The car exploded as worshippers were leaving prayers in the building, a witness said. The blast left several cars in flames and showered the area with charred debris.

At al-Yarmouk Hospital, dozens of weeping men and women franticly searched for news about loved ones feared caught up in the bombing.

A distraught man sat beside his dead 14-year-old son, covered with a sheet, and cried out, "I had breakfast with him this morning. I told him, 'Let's go to your grandfather,' but he insisted on going for prayers first."

A woman dressed in a black cloak, or abaya, fainted as she identified the body of her son in the hospital's morgue.
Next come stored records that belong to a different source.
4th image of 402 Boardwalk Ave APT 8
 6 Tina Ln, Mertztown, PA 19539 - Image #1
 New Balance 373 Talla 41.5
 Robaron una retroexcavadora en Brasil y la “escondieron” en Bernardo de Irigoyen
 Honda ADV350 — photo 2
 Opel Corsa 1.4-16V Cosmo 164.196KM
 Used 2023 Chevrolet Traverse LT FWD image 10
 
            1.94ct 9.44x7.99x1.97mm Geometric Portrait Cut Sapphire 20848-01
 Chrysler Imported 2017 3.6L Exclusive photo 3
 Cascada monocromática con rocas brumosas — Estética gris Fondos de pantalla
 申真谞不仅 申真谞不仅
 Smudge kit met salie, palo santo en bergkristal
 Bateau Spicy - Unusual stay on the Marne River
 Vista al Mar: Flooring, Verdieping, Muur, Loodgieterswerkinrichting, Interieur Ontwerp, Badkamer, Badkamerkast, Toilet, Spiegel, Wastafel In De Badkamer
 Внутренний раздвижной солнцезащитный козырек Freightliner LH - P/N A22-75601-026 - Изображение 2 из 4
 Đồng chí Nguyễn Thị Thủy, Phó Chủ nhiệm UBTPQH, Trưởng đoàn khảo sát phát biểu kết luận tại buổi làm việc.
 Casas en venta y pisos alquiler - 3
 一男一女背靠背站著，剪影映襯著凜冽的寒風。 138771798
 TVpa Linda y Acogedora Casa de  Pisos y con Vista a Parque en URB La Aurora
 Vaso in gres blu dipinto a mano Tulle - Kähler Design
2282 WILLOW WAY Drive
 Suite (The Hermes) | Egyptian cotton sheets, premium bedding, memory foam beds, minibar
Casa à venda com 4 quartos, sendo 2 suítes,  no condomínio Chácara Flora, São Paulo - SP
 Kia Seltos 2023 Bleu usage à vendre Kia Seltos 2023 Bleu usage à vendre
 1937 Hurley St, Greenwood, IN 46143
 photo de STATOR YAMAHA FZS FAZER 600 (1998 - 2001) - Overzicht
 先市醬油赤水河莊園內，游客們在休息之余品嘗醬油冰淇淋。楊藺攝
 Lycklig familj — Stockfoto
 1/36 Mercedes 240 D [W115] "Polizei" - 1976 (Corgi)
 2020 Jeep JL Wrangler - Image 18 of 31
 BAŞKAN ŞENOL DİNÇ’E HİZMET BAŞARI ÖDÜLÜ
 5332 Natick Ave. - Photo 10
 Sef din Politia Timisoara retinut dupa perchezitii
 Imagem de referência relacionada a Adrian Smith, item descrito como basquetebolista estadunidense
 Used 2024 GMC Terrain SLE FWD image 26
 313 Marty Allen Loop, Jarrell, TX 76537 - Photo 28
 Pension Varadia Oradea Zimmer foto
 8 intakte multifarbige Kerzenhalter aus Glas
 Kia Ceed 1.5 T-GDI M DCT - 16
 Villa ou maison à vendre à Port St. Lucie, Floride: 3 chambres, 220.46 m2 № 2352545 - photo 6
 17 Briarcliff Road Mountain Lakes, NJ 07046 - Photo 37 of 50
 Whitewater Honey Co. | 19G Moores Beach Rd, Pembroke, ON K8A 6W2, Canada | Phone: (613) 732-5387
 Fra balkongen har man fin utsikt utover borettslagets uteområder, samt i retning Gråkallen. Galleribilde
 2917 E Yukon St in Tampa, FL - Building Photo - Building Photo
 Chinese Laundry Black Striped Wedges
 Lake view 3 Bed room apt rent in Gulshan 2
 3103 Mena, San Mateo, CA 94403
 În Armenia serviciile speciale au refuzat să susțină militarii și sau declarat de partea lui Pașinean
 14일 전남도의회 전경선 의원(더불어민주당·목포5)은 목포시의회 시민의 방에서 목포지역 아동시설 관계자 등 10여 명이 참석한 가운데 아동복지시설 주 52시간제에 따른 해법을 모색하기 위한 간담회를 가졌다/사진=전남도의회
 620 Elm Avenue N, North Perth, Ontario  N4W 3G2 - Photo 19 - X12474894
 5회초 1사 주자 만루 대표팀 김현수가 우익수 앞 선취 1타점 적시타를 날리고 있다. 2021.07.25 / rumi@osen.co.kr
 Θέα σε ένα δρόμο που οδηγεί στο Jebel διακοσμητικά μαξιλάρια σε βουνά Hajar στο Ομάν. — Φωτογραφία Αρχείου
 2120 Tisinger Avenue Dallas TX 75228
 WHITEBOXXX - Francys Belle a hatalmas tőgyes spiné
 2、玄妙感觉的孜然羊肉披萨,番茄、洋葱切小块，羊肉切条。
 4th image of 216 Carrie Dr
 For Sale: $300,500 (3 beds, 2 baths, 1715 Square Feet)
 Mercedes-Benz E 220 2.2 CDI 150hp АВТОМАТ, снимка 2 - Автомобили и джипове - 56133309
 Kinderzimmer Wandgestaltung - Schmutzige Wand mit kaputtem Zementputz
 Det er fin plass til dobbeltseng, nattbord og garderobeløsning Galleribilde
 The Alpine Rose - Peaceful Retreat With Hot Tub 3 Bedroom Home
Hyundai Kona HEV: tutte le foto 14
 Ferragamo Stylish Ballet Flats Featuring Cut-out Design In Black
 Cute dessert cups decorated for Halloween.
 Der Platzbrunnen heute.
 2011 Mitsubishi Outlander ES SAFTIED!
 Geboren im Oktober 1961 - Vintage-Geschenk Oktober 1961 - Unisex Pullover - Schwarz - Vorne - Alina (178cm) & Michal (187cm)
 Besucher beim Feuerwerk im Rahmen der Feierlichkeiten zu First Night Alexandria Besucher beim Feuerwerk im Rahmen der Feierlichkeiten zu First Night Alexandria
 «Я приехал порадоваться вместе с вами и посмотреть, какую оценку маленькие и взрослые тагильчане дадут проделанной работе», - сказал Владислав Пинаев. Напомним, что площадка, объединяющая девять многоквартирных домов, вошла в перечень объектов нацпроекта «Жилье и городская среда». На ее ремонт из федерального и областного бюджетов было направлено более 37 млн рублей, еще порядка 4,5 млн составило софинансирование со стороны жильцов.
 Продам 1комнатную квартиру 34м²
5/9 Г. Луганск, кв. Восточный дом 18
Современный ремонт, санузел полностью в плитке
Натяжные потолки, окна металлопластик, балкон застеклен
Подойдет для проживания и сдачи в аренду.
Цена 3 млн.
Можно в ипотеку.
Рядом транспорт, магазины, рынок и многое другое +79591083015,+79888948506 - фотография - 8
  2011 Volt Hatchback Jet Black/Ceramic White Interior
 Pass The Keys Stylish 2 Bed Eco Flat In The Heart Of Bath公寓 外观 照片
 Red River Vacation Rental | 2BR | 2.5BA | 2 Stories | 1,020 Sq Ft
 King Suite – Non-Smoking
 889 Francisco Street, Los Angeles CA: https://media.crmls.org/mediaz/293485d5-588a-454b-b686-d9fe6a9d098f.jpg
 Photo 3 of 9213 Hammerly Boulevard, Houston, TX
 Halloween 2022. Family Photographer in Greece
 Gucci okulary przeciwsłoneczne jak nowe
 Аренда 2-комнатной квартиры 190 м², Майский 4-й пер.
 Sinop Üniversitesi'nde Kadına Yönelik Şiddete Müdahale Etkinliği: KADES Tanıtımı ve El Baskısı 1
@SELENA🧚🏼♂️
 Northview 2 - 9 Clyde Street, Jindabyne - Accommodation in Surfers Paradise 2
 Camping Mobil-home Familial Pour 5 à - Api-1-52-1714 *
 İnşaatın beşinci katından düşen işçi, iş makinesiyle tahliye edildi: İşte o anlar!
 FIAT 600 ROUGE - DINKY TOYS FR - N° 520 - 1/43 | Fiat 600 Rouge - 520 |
She was carried away by relatives.

In a new Internet audio recording purportedly from Iraq's most feared terror leader, Jordanian-born Abu Musab al-Zarqawi, the speaker denounced Iraqi Shiites for fighting alongside US troops.

Al-Zarqawi, the leader of Iraq's al-Qaida affiliate, ridiculed Iraq's most prominent Shiite cleric, Grand Ayatollah Ali al-Sistani, and berated Shiites for fighting alongside American troops against their Sunni countrymen in Fallujah in November.